# WHAT IS REQUIRED
Your copy should hold only the lines from the one holding "Old Couple Sitting on Park Bench Together" through the last line of the records below, both included, each exact and with no pictures.

(Data items)
"""

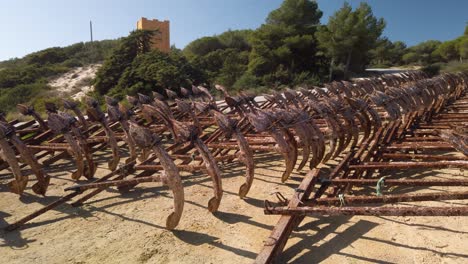 pan right of rusty anchors lined up in rows used for tuna fishing nets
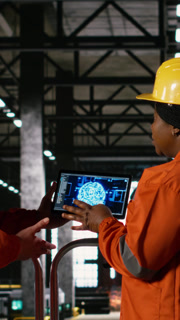 Vertical Video Two staff members examine artificial intelligence visualization of AI brain, emphasizing machine learning to aid in large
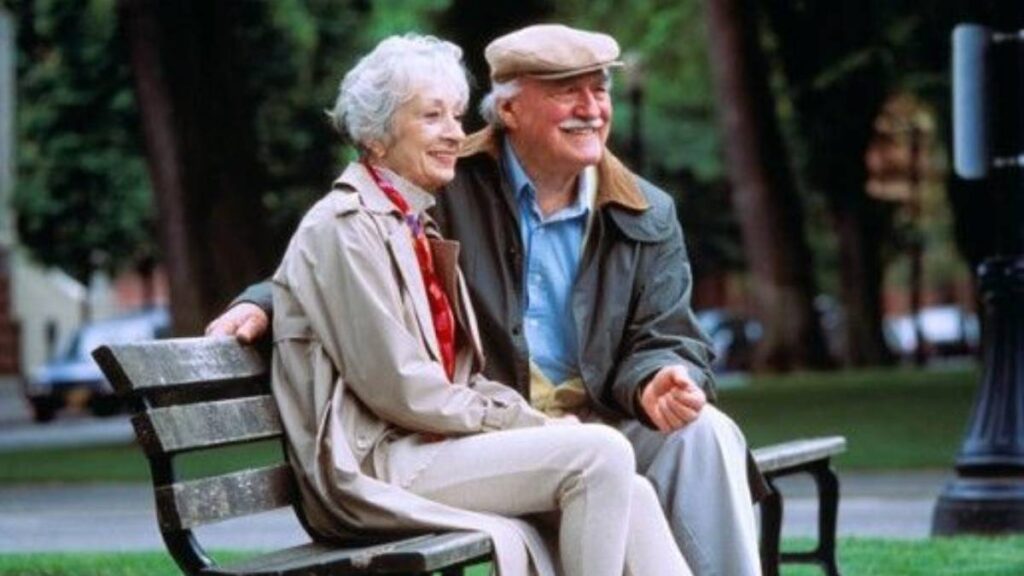 Old Couple Sitting on Park Bench Together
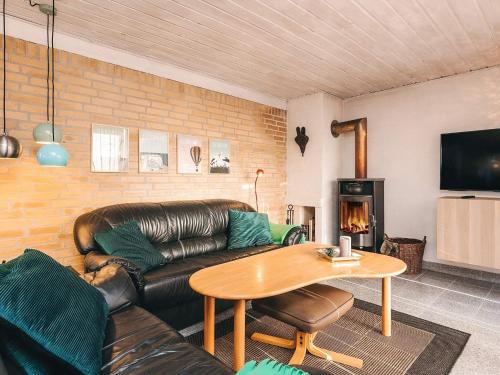 a living room with a leather couch and a table at 4 star holiday home in Hals in Hals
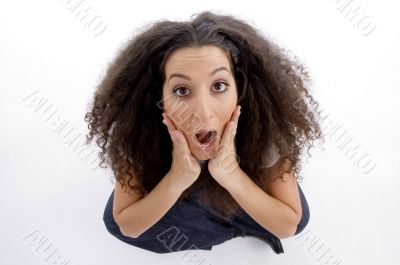 young woman surprised and looking upwards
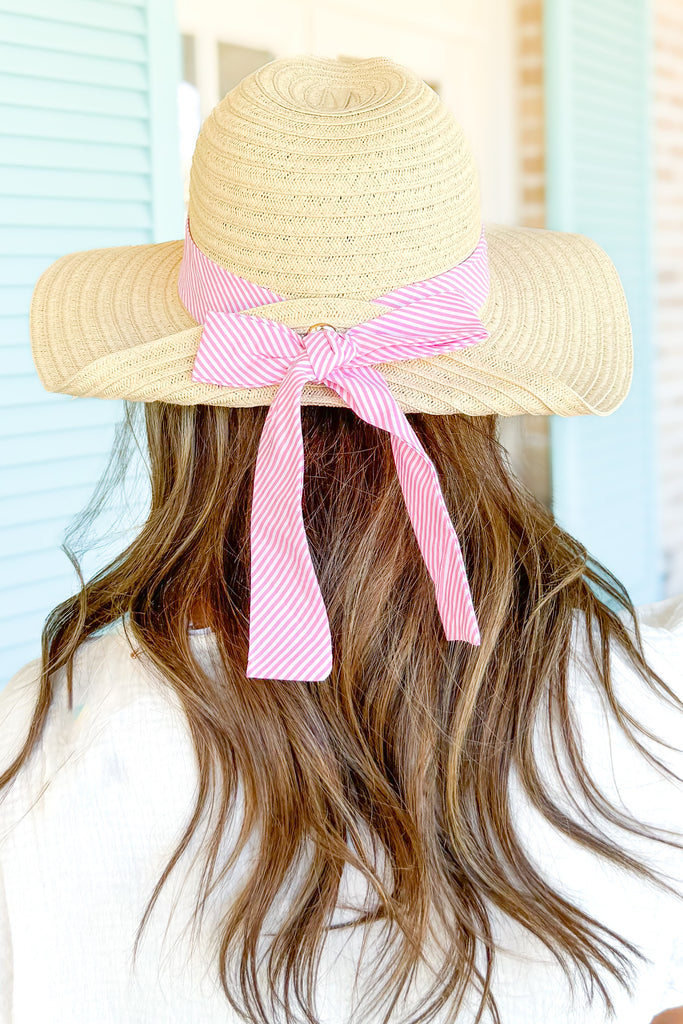pink and white striped ribbon detailed straw hat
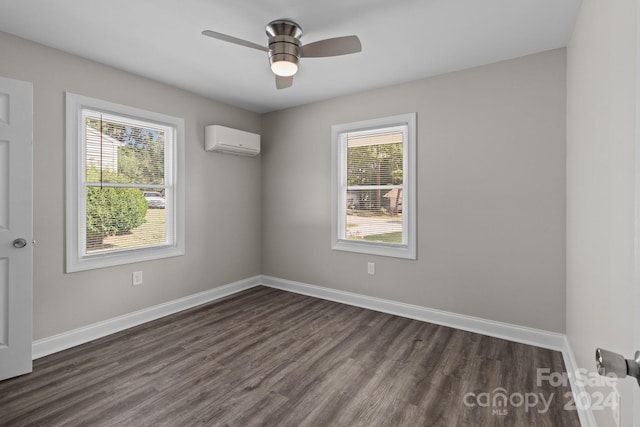 unfurnished room featuring dark wood finished floors, baseboards, a wall mounted AC, and ceiling fan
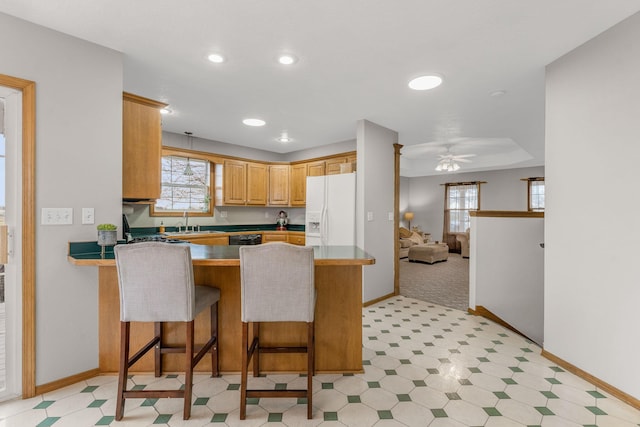 2131 Redoak Rd, Fordland, MO 65652 - kitchen with white fridge with ice dispenser, ceiling fan, a peninsula, dishwasher, and a breakfast bar area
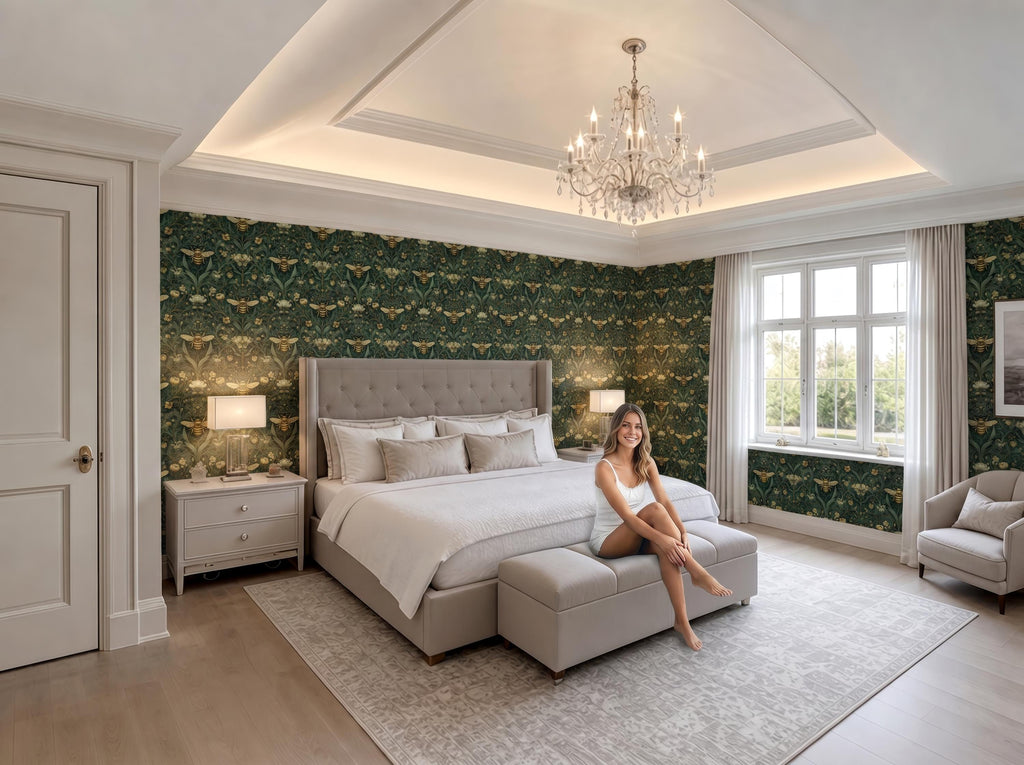 A woman sits on a bench in a luxurious bedroom with a large bed, a chandelier, and a patterned wallpaper.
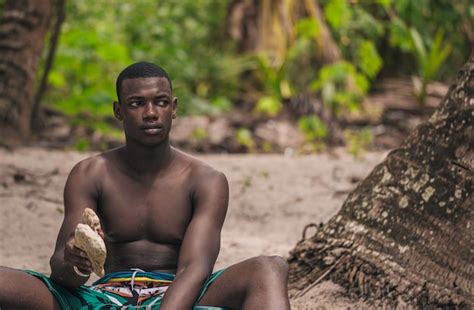 Premium Photo Black Man Holding Stones In Hand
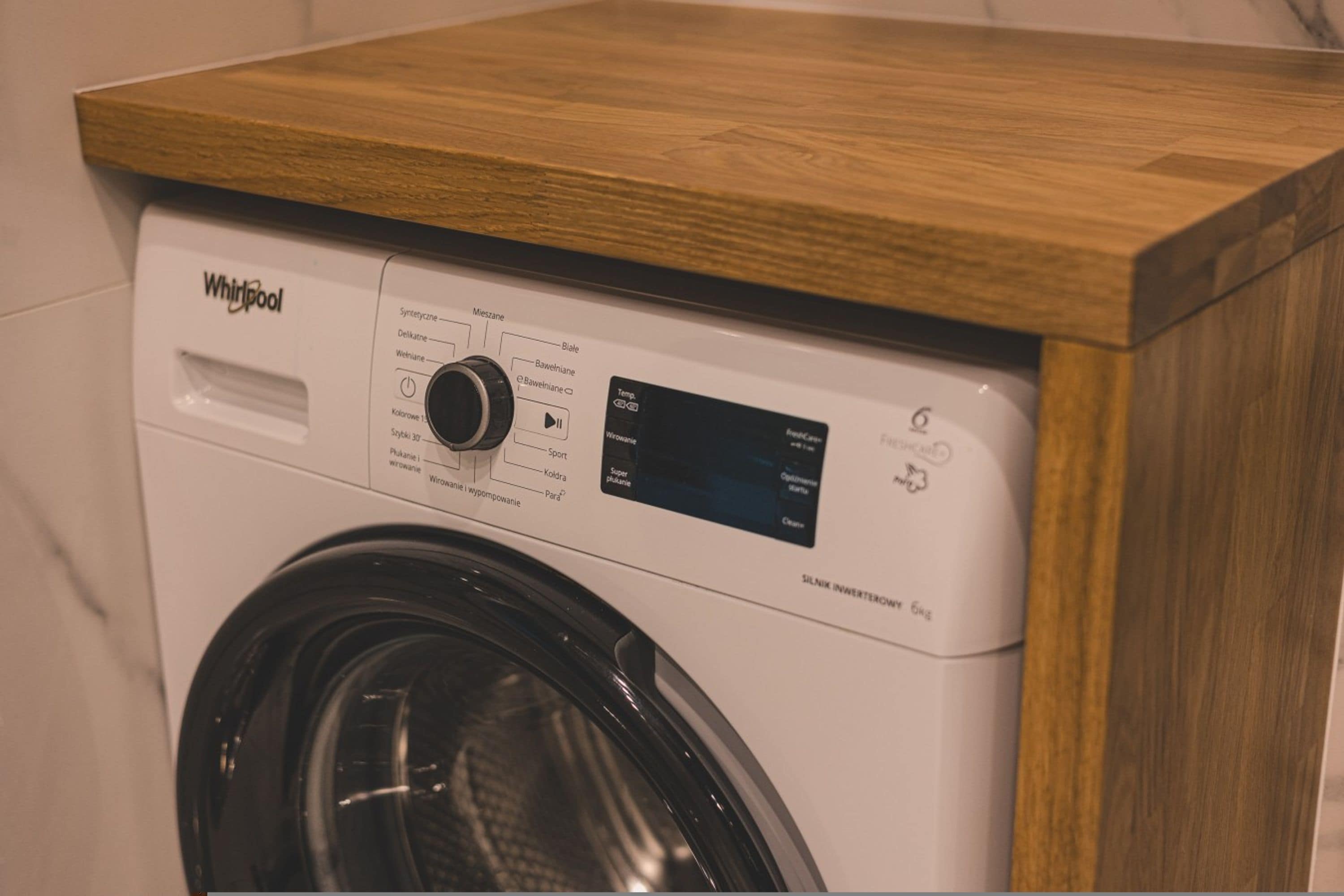 En tvättmaskin från Whirlpool med frontmatning och en bänkskiva i trä.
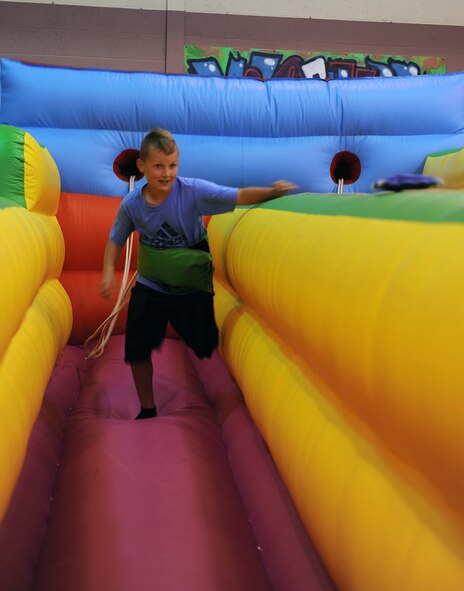 RAF MILDENHALL, England -- A boy tried to reach a bean bag while connected to a restraining belt during the  Worldwide Day of Play held at the RAF Mildenhall Youth Center Sept. 22, 2012. More than 900 people attended the Worldwide Day of Play which featured games, bouncy castles, Pets as Therapy dogs, go-karts and more. (U.S. Air Force photo/Tech. Sgt. Stacia Zachary)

"""

# YOUR SOLUTION
 Old Couple Sitting on Park Bench Together
 a living room with a leather couch and a table at 4 star holiday home in Hals in Hals
 young woman surprised and looking upwards
pink and white striped ribbon detailed straw hat
 unfurnished room featuring dark wood finished floors, baseboards, a wall mounted AC, and ceiling fan
 2131 Redoak Rd, Fordland, MO 65652 - kitchen with white fridge with ice dispenser, ceiling fan, a peninsula, dishwasher, and a breakfast bar area
 A woman sits on a bench in a luxurious bedroom with a large bed, a chandelier, and a patterned wallpaper.
 Premium Photo Black Man Holding Stones In Hand
 En tvättmaskin från Whirlpool med frontmatning och en bänkskiva i trä.
 RAF MILDENHALL, England -- A boy tried to reach a bean bag while connected to a restraining belt during the  Worldwide Day of Play held at the RAF Mildenhall Youth Center Sept. 22, 2012. More than 900 people attended the Worldwide Day of Play which featured games, bouncy castles, Pets as Therapy dogs, go-karts and more. (U.S. Air Force photo/Tech. Sgt. Stacia Zachary)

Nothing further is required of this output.